Surely there is life on Mars – or at least that is what was thought by astronomers from the late 1600s all the way up to the 1980s. But in recent years that statement has taken on a whole new meaning.

This book takes us on a voyage through our relationship with the Red Planet and makes us appreciate the tremendous journey it has made in the popular zeitgeist, from a world covered in carefully engineered canals for advanced alien inhabitants, to a lush vegetated haven and finally to the cold, ancient and desolate wasteland we know today.

Looking behind the scenes of life as a modern planetary scientist, The Sirens of Mars follows the author’s experiences of the lows and highs of many of the most celebrated Mars missions.

The linear timeline of exploration helps to anchor Sarah Stewart Johnson’s story to the big question of “Is there life on Mars?”.

We follow along with her as she realises the implications of highly acidic material uncovered by Opportunity, sit with her in the Mojave Desert mapping the landscape of alien terrain on Earth, and sympathise with the feeling of isolation and separation from the world as she adjusts to ‘Martian time’ in the control room at NASA’s Jet Propulsion Laboratory, monitoring rovers on a distant world.

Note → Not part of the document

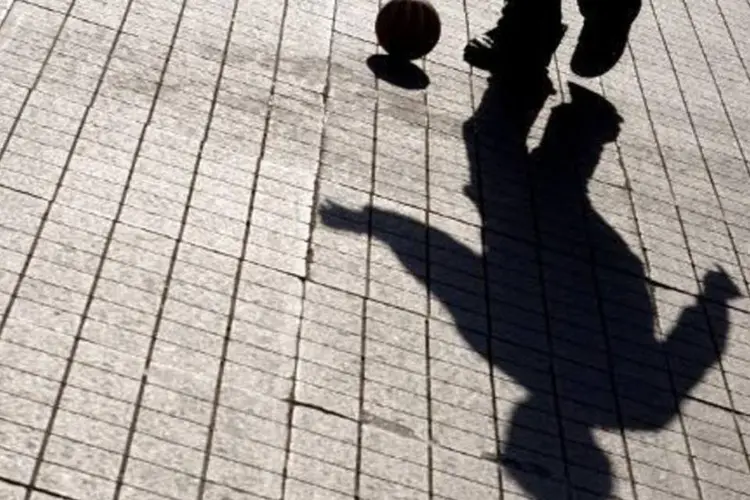 Sombra de criança brincando: temor é mais alto entre os homens (AFP)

In many places you will rush to the internet to look up the images and maps described in the book to understand Johnson’s wonder at the discoveries being made.

The book would have greatly benefited from including some of these: the original pictures and charts of Mars used to design the Mariner missions that now sit on the author’s office wall, the first image from Opportunity as it approached the precipice of Endurance crater, the Olympic Rings etched forever into the Martian rock by the Spirit rover.

Some are easy to find and some impossible, but each is pivotal to the author’s, and the reader’s, relationship with Mars.

Although at times not the easiest to follow, this is a must-read for fans of our Martian neighbour and humanity’s longstanding search for life elsewhere in the Universe.

Iain Todd is BBC Sky at Night Magazine's Staff Writer.

Dr Hannah Wakeford is an astrophysicist at the University of Bristol where she studies exoplanets using the Hubble Space Telescope.